_EXERCISE_
The output should match, line for line, the records from the line containing "Непрозрачные акриловые бусины&nbsp;MACR-S370-D16mm-A13" through the line containing "Book Emboss Medium Frame Bag", with every picture left out.

_DATA TO EXAMINE_
____________________

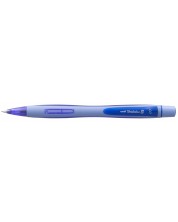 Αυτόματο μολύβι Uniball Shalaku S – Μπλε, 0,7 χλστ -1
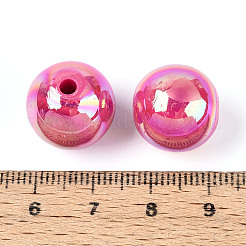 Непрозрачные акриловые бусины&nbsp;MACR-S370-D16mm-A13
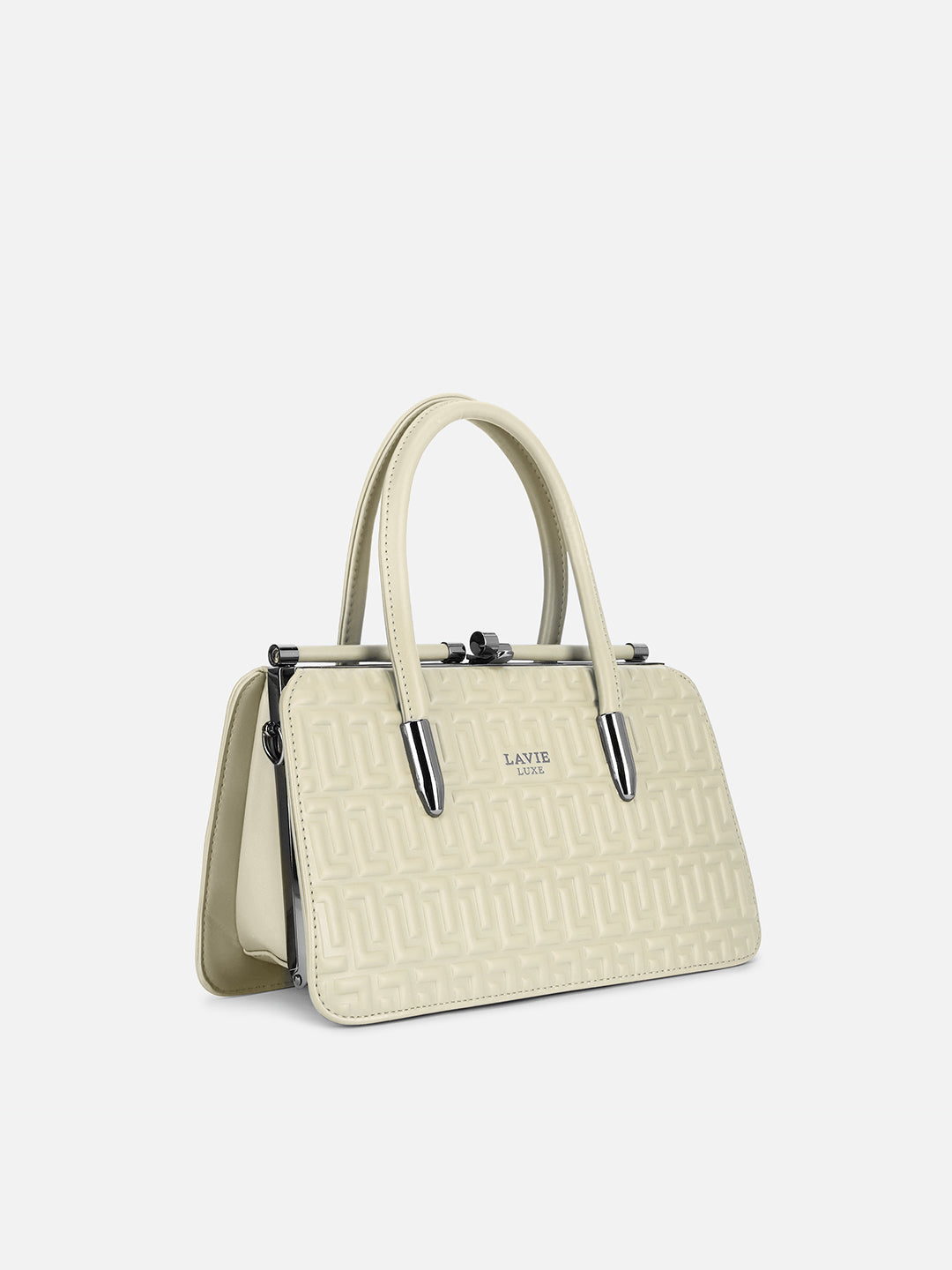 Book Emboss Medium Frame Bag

____________________

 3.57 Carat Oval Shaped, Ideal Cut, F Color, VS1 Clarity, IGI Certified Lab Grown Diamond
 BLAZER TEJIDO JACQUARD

____________________

_EXERCISE RESULT_
 Непрозрачные акриловые бусины&nbsp;MACR-S370-D16mm-A13
 Book Emboss Medium Frame Bag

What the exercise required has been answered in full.